**WHAT IS BEING ASKED**
An image-free reproduction of the data below is needed: print it exactly.

**DATASET EXTRACT**
▶

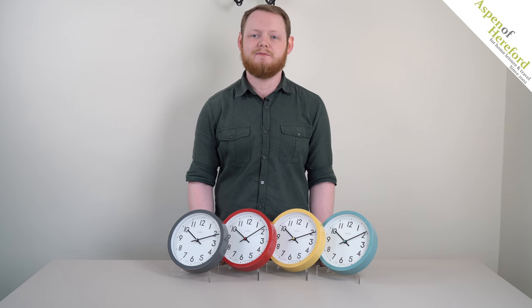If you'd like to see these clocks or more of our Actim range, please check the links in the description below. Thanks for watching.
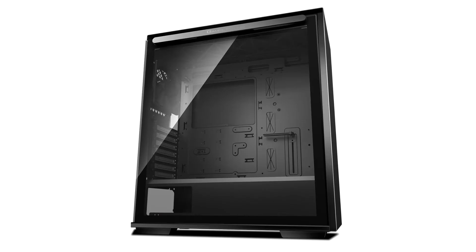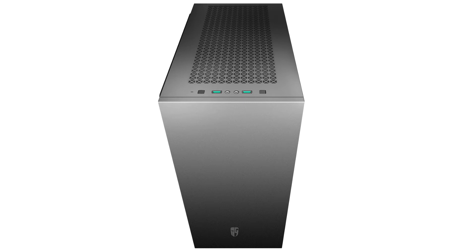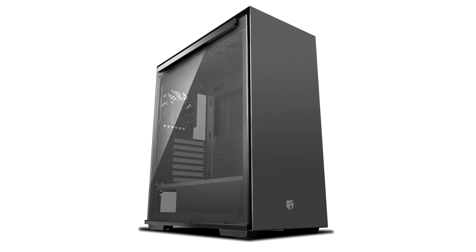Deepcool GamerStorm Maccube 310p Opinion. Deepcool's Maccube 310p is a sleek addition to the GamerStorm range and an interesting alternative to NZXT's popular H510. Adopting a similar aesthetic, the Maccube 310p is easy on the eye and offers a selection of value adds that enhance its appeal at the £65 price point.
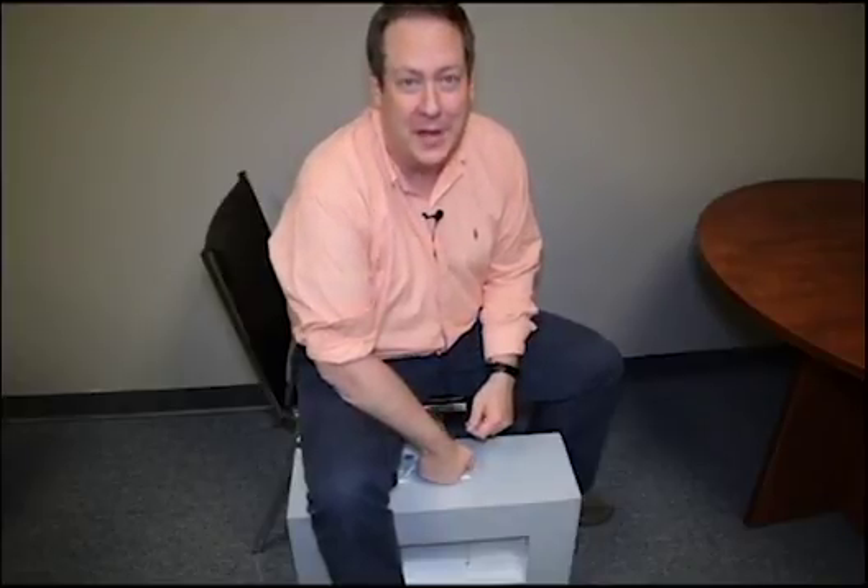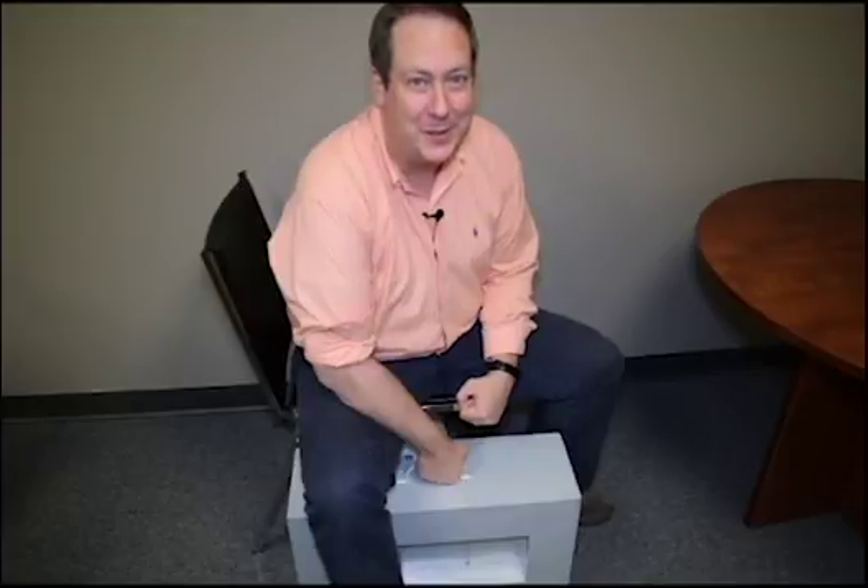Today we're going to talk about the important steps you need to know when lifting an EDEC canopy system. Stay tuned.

◀

**SOLUTION FOR THIS TASK**
If you'd like to see these clocks or more of our Actim range, please check the links in the description below. Thanks for watching.
Deepcool GamerStorm Maccube 310p Opinion. Deepcool's Maccube 310p is a sleek addition to the GamerStorm range and an interesting alternative to NZXT's popular H510. Adopting a similar aesthetic, the Maccube 310p is easy on the eye and offers a selection of value adds that enhance its appeal at the £65 price point.
Today we're going to talk about the important steps you need to know when lifting an EDEC canopy system. Stay tuned.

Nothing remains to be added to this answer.